_TASK DETAILS_.
Every line from the one containing "[BiBeo Kids]Bộ quần" to the one containing "VILLAIN BLUE SPARKLE LOVE BIRD MINI WALLET" in the records below, both included, must be set down exactly, and no other line.

[Recorded data]
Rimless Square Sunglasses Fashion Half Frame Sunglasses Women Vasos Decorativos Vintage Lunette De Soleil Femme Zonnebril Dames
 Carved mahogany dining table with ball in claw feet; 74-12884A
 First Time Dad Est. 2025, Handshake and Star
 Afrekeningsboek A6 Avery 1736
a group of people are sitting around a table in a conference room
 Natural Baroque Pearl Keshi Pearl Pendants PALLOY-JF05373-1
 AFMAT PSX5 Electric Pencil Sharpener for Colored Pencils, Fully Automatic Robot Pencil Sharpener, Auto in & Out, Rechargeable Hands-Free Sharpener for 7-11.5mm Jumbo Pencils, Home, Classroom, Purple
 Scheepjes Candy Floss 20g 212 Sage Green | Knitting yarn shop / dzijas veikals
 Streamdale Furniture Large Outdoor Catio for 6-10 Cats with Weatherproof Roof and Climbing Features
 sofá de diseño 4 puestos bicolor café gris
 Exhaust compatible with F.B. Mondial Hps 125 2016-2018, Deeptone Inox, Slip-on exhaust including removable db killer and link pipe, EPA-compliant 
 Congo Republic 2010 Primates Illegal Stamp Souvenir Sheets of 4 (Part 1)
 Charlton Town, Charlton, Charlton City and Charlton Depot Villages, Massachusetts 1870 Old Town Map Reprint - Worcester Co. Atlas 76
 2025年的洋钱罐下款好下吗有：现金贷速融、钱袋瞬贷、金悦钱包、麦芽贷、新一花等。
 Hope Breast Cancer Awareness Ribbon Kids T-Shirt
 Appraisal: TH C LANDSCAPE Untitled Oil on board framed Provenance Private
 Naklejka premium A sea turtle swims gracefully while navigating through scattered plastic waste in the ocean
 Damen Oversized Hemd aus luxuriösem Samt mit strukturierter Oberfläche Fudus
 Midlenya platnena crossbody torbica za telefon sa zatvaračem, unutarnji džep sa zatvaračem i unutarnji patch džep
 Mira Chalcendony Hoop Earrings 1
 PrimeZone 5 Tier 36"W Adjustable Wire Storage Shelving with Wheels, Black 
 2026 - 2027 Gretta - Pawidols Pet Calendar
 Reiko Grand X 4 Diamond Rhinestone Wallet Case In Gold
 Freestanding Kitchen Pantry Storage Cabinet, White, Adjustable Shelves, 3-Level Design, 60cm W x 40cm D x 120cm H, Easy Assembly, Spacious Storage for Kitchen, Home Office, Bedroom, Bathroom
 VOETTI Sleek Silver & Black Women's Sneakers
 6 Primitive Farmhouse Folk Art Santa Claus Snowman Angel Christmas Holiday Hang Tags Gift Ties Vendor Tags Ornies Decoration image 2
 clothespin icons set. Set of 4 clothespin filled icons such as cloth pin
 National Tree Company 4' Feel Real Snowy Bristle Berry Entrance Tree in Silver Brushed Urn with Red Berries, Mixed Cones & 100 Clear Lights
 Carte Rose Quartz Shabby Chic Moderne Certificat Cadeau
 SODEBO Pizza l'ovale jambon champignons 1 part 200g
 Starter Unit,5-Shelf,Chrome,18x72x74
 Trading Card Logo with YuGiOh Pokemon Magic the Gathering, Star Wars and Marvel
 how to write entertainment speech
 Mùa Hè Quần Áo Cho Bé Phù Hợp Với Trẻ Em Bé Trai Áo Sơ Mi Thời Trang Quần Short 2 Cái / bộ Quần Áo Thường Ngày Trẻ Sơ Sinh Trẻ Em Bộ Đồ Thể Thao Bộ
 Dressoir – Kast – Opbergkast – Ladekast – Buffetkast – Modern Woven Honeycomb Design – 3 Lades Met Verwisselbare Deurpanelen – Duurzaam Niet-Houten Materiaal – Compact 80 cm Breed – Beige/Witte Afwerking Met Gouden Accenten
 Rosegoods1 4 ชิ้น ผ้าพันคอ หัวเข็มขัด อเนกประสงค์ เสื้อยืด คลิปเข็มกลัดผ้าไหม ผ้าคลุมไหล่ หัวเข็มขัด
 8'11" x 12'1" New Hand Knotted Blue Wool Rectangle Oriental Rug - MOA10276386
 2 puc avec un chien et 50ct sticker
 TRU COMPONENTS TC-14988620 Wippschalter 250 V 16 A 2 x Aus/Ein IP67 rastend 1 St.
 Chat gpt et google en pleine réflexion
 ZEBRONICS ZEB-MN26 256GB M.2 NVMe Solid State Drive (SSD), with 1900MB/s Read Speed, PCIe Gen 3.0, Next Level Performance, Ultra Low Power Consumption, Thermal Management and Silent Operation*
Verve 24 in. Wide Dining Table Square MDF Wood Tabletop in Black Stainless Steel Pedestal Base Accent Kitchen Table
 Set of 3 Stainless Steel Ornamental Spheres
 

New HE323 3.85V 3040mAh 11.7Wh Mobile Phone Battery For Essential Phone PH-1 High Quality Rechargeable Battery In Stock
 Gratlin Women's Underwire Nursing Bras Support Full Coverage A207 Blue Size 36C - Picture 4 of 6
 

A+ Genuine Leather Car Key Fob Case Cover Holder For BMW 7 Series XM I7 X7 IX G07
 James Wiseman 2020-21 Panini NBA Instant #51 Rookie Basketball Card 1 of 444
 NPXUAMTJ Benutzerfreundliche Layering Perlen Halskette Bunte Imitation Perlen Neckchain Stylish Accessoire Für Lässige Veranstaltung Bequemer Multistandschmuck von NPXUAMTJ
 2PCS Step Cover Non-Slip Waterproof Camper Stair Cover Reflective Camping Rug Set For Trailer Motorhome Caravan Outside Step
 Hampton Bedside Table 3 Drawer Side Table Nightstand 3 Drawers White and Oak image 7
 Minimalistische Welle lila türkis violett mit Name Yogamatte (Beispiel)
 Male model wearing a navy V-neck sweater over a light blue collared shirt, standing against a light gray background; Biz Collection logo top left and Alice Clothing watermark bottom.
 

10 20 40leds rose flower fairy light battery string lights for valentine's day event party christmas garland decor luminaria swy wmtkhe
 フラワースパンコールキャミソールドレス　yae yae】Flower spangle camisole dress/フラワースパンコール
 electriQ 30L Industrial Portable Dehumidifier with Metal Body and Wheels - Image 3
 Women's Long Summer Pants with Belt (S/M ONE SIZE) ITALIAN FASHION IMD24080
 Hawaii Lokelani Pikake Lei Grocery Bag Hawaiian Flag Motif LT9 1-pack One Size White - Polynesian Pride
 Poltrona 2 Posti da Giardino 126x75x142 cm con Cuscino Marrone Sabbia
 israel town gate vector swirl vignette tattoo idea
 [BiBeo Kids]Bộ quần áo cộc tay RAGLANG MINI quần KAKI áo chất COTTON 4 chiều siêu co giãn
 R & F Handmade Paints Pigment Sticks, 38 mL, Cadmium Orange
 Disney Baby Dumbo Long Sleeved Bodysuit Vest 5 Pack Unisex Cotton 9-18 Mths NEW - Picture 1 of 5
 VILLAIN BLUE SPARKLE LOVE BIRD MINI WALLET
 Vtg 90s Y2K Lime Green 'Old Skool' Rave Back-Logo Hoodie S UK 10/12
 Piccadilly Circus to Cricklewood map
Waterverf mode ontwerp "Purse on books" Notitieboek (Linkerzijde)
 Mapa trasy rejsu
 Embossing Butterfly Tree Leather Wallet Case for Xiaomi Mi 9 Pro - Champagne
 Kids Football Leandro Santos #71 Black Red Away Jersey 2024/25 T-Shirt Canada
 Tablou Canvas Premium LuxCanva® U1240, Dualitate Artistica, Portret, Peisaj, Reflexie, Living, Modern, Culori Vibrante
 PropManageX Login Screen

_PROBLEM SOLUTION_.
 [BiBeo Kids]Bộ quần áo cộc tay RAGLANG MINI quần KAKI áo chất COTTON 4 chiều siêu co giãn
 R & F Handmade Paints Pigment Sticks, 38 mL, Cadmium Orange
 Disney Baby Dumbo Long Sleeved Bodysuit Vest 5 Pack Unisex Cotton 9-18 Mths NEW - Picture 1 of 5
 VILLAIN BLUE SPARKLE LOVE BIRD MINI WALLET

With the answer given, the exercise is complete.